Faith to Face  ~オレキケ社労士の日々ウダウダ!!~

社会保険労務士として、日々奮闘中のT&Dが、日々起こる話をウダウダ語ります。

採用もデータで決まる時代に?

アメリカでは、グーグルをはじめ、急速に人事がデータ化されつつありますが、採用に関しても同じような動きがあるようです。


優秀な人材を見極める方法!!


そんな書籍は巷にあふれかえっているわけですが、実際にそれがうまくいくかどうかは、現場の方がその苦労を最もご存知かと思います。


結局は、一緒に働いてみないと、わからない、というのが本音ではないでしょうか?


この「わからない」には、期待値より低い、期待値より高い、両方の驚きがありますが・・・


そんな採用に関して、アメリカでは、アルゴリズムを利用した適性分析が注目を浴びているようです。


全米経済研究所は採用をアルゴリズムでする場合と、人がする場合の調査をした結果、一部の職種においては人間よりも機械的判断の方がより正確な判断を下せると結論づけているそうです。


調査には15社が参加。


分析はデータ入力やコールセンター業務のために採用を行った、300,000件のハイヤリングデータを元にしたそうです。


在職期間やテストの結果から判断した適正の高い人材と、人間によって選ばれた人々のその後を比較すると・・・・・


実験では、様々な質問や試験によってスキル・認知能力導き出し、職種に向いている人からそうでない人へとそれぞれのレベを「青・黄・赤」と3段階に色分けをしたそうです。

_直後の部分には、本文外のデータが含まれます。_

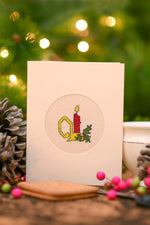 Red Melting Candle Card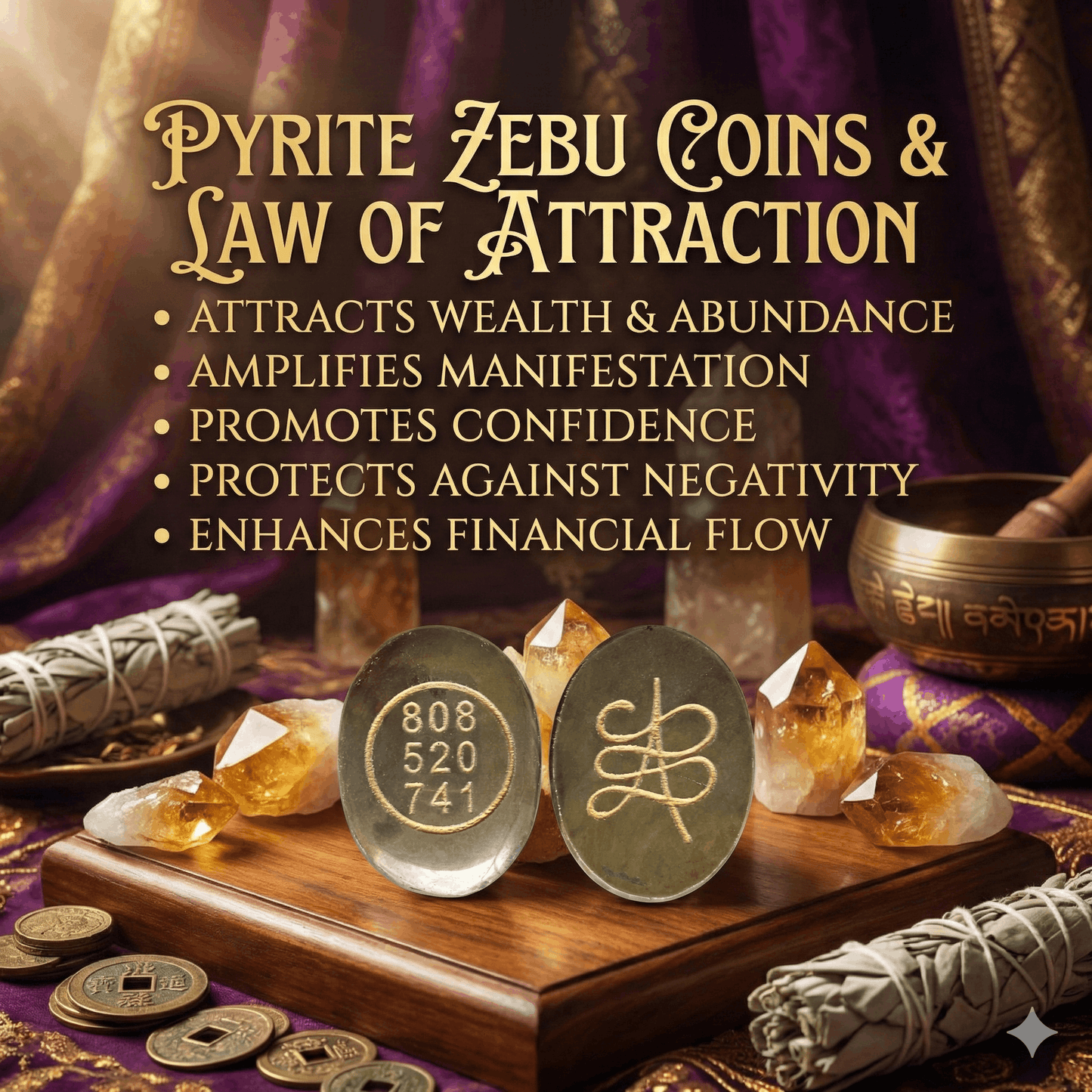 Pyrite Zebu Coin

アルゴリズム的には、青が最も職種に向いていると思われる人で、以下、黄、赤の順番となります。


すると、「青」は「黄」のグループより平均12日間も長く勤務が続いたことがわかり、さらに「黄」と「赤」の勤務日数の差は17日間へと広ったそうです。


また、15社のうち6社では、生産性に関する調査も行いました。


たとえば、1時間に何件の電話対応を完了させたかなどですが、これについても、アルゴリズムによってより適正が高いと選択された人々の生産性の方が高くなるという結果が出たそうです。

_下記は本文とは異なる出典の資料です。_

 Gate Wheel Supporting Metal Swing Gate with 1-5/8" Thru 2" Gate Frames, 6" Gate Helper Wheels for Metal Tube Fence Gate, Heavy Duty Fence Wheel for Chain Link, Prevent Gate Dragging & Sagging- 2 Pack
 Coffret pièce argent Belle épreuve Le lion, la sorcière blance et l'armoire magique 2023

ハーバード・ビジネススクールで起業学に携わるダニエル・リー助教授は次のように言っています。


「アルゴリズムを無視した人選が功を奏したという統計学的データはありません。"面接で価値のあることが聞けた"と思うことは人間心理として自然ですが、テストの結果よりも価値があるかと聞かれたら、その答えはほとんどの場合"NO"です」


また、「ニューヨーク・タイムズ」紙にも、ケロッグ経営大学院でハイヤリングを研究するローレン・リベラ氏のこんなコメントが・・・


「企業の戦略に対する協調性やコミットを確認しておく必要はあります。カルチャーがフィットしている人を雇用することで全体にも影響があるでしょう。しかし、一方で差別的な待遇を生んでしまう可能性も含んでいます」


ペンシルバニア大学ウォートン校で行動分析学に携わるケイド・マッセイ氏も、面談では偏った視点を持ってしまう可能性があると指摘しています。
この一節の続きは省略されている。